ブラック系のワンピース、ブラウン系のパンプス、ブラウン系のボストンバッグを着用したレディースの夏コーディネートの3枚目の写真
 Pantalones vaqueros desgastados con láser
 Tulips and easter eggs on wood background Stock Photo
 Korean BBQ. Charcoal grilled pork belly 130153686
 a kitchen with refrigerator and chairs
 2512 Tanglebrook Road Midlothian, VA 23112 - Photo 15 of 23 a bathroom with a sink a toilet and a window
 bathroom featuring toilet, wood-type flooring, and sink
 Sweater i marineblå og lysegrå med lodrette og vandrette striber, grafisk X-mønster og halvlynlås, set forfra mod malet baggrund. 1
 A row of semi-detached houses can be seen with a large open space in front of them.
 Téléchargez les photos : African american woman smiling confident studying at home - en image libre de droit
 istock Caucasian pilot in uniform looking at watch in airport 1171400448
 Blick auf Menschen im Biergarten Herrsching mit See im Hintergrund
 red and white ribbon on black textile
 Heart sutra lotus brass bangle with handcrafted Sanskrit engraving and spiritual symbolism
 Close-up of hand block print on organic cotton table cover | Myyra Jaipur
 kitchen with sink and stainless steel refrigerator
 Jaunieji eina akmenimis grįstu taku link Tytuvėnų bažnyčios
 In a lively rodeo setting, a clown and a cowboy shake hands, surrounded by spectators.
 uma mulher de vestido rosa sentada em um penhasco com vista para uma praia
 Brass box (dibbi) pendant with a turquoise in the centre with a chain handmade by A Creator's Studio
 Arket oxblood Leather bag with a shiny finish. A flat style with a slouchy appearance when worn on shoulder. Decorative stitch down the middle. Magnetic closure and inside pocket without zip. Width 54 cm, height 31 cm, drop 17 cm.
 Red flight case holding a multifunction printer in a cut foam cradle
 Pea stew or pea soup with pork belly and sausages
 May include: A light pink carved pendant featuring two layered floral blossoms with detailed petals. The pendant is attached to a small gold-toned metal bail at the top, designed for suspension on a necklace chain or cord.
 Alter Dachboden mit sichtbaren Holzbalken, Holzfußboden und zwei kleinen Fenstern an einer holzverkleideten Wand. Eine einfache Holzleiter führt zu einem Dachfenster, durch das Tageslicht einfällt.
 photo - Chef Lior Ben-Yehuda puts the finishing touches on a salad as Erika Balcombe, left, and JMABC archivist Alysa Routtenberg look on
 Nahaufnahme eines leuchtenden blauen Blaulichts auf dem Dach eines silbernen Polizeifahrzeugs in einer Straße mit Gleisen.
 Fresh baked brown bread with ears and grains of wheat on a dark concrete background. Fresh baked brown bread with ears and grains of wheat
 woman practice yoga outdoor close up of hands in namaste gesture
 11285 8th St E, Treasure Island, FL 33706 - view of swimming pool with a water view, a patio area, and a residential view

——

Print the data above exactly as it was provided.

Answer below:
ブラック系のワンピース、ブラウン系のパンプス、ブラウン系のボストンバッグを着用したレディースの夏コーディネートの3枚目の写真
 Pantalones vaqueros desgastados con láser
 Tulips and easter eggs on wood background Stock Photo
 Korean BBQ. Charcoal grilled pork belly 130153686
 a kitchen with refrigerator and chairs
 2512 Tanglebrook Road Midlothian, VA 23112 - Photo 15 of 23 a bathroom with a sink a toilet and a window
 bathroom featuring toilet, wood-type flooring, and sink
 Sweater i marineblå og lysegrå med lodrette og vandrette striber, grafisk X-mønster og halvlynlås, set forfra mod malet baggrund. 1
 A row of semi-detached houses can be seen with a large open space in front of them.
 Téléchargez les photos : African american woman smiling confident studying at home - en image libre de droit
 istock Caucasian pilot in uniform looking at watch in airport 1171400448
 Blick auf Menschen im Biergarten Herrsching mit See im Hintergrund
 red and white ribbon on black textile
 Heart sutra lotus brass bangle with handcrafted Sanskrit engraving and spiritual symbolism
 Close-up of hand block print on organic cotton table cover | Myyra Jaipur
 kitchen with sink and stainless steel refrigerator
 Jaunieji eina akmenimis grįstu taku link Tytuvėnų bažnyčios
 In a lively rodeo setting, a clown and a cowboy shake hands, surrounded by spectators.
 uma mulher de vestido rosa sentada em um penhasco com vista para uma praia
 Brass box (dibbi) pendant with a turquoise in the centre with a chain handmade by A Creator's Studio
 Arket oxblood Leather bag with a shiny finish. A flat style with a slouchy appearance when worn on shoulder. Decorative stitch down the middle. Magnetic closure and inside pocket without zip. Width 54 cm, height 31 cm, drop 17 cm.
 Red flight case holding a multifunction printer in a cut foam cradle
 Pea stew or pea soup with pork belly and sausages
 May include: A light pink carved pendant featuring two layered floral blossoms with detailed petals. The pendant is attached to a small gold-toned metal bail at the top, designed for suspension on a necklace chain or cord.
 Alter Dachboden mit sichtbaren Holzbalken, Holzfußboden und zwei kleinen Fenstern an einer holzverkleideten Wand. Eine einfache Holzleiter führt zu einem Dachfenster, durch das Tageslicht einfällt.
 photo - Chef Lior Ben-Yehuda puts the finishing touches on a salad as Erika Balcombe, left, and JMABC archivist Alysa Routtenberg look on
 Nahaufnahme eines leuchtenden blauen Blaulichts auf dem Dach eines silbernen Polizeifahrzeugs in einer Straße mit Gleisen.
 Fresh baked brown bread with ears and grains of wheat on a dark concrete background. Fresh baked brown bread with ears and grains of wheat
 woman practice yoga outdoor close up of hands in namaste gesture
 11285 8th St E, Treasure Island, FL 33706 - view of swimming pool with a water view, a patio area, and a residential view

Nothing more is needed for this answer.